The problem is not the brick walls that you see, it’s the old wood studs and deteriorating plumbing behind the walls. So to do more they’d have to take out walls and cut through concrete.

“Which you can’t do while they’re making waffles,” Boggs said.

But the kitchen is not the only problem area.

Right down the hall from the kitchen is Norheim’s small office that she shares with two others. A sign on the door reads “Food and Nutrition Services Office”. The room also serves as storage overflow. Shelves of canned goods and extra kitchen serving trays line one wall.

Above Norheim’s desk, hanging about six inches below the ceiling, is a large pipe.

“When I first started working here I asked what kind of pipe that was and when I heard it was a sewer pipe I was a bit nervous,” Norheim said.

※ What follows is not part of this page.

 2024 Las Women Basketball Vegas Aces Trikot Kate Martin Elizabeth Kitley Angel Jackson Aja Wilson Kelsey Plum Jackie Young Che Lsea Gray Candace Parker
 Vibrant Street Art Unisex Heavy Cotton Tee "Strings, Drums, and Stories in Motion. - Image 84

She had a right to be nervous too… because one day the pipe broke. Luckily, no one was in the office at the time.

“We call it ‘the fire’,” Norheim said, joking, “it sounds better.”

Norheim says they lost a lot of stuff like books in the office, which had to be thrown out from damage.

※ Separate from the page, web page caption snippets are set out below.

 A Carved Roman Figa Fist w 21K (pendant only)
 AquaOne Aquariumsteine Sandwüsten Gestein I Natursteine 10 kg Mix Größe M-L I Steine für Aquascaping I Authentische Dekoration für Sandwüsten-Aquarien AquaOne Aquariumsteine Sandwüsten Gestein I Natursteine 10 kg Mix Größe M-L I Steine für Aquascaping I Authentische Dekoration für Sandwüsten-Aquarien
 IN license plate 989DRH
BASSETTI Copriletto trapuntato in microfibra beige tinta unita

Dietitian, Margaret Fleming, shares an office with Norheim where the sewer pipe hangs above their heads. Photo/Angela Denning

Boggs also remembers that day well. He and other staff were dealing with the clogged sewer pipes in the building.

“We were upstairs working and it was like, ‘Oh, she’s free!’,” Boggs said. “And then we came down here and opened this door and it’s like, ‘Oh, my God!’ It’d choke a dog, yeah.”

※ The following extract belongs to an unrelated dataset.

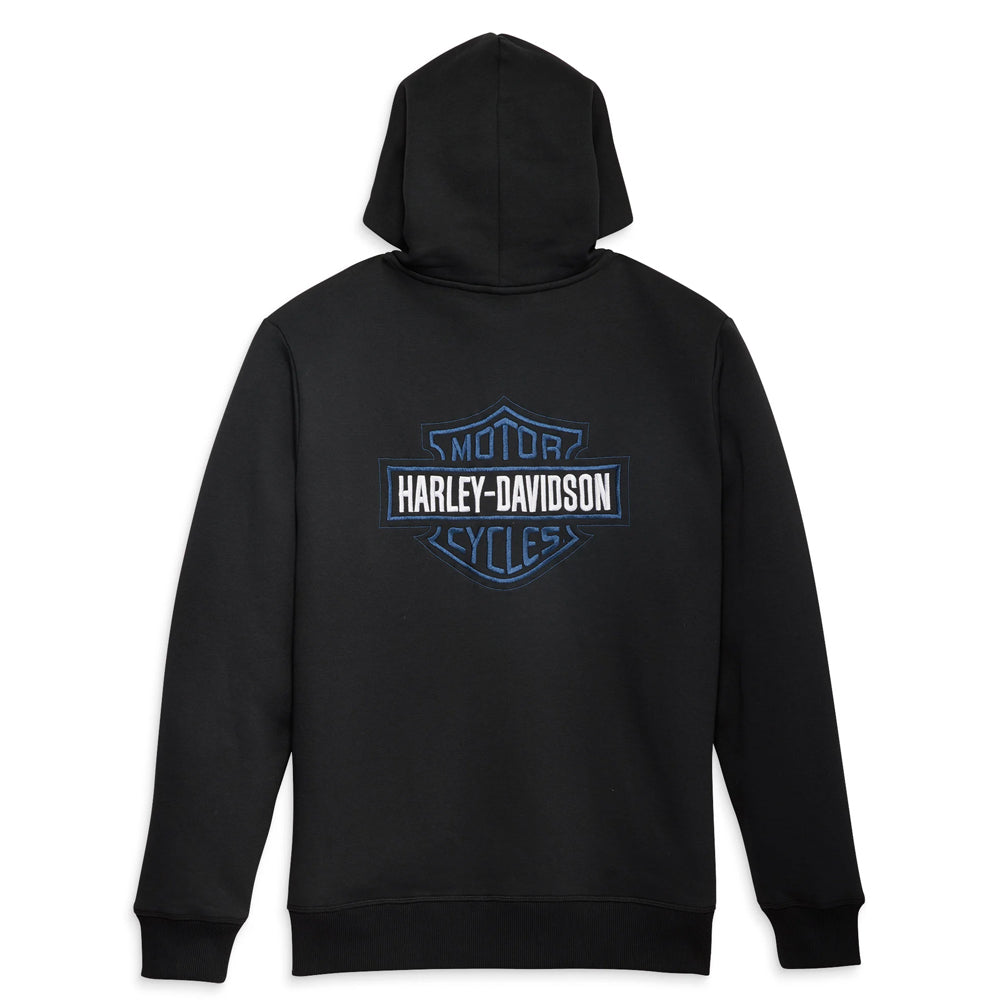 Men's Black Bar Shield Embroidered Zip Hoodie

The sewer pipe is like other parts of the building’s infrastructure that has been plaguing Boggs over the years. He didn’t know the sewer pipe was at risk.

“That’s cast iron pipe, that’s code,” Boggs said. “But there’s no way to tell how thin it is until it breaks and then you find out just the bottom of it is like a 32nd of an inch, it’s like the tin foil on gum.”

In the hallway, the industrial buzz of fluorescent lighting fills the air. We are near the guts of the building—where the electrical and plumbing systems live.

In another room nearby Boggs points to a pipe that runs below the ceiling and then turns upward.

“See how the plumbing just disappears into the ceiling?” Boggs asks. “And this is all the power. And that is dried now but that is where water has run right over our electrical panels from upstairs because you can’t push a pad back and you know…it’s been a real adventure.”

Old plumbing pipe at the hospital is difficult to replace when it disappears into the ceiling like this. Photo/Angela Denning

Or maybe a plumbing nightmare, I say.

“Yeah,” he agrees.

The hospital is far from the oldest building in town but Boggs argues that it’s the busiest with multiple groups of people using it.

“It’s the one place in town that it never sleeps,” Boggs said. “I mean there’s people here round the clock. Water’s being run, sewers are run, elevators are working. This place gets a workout 24-7.”

Despite the plumbing problems the hospital has passed all of its recent inspections. Things are up to code although some has been grandfathered in. The kitchen doesn’t have a separate produce sink, for example. But details like that would be remedied in a remodel that’s being proposed, estimated at about $300,000. That could pay for construction and design but doesn’t include new equipment or removing any possible hazardous material.

CEO Liz Woodyard says the money will come from either hospital investments or cash they have on hand. She says the operations side of the medical center is running smoothly and revenue looks stable. But the aging building is a problem.

“The oldest part is very concerning to us because it holds a kitchen and on the second floor is where long term care is and that’s really important to us to have a nice environment for the residents,” Woodyard said. “It’s their home and so we want to have a good environment for them.”

The long term goal is to get a whole new medical center. The current building is located near downtown with no room to expand. It’s just a few blocks up the hill from the water. The last time there was a tsunami warning all the patients had to be evacuated, including from the nursing home unit.

In the meantime, Woodyard says, staff remains dedicated to providing quality care even in a challenging environment.

The kitchen renovation project will be proposed to the hospital’s board of directors at their meeting Wednesday.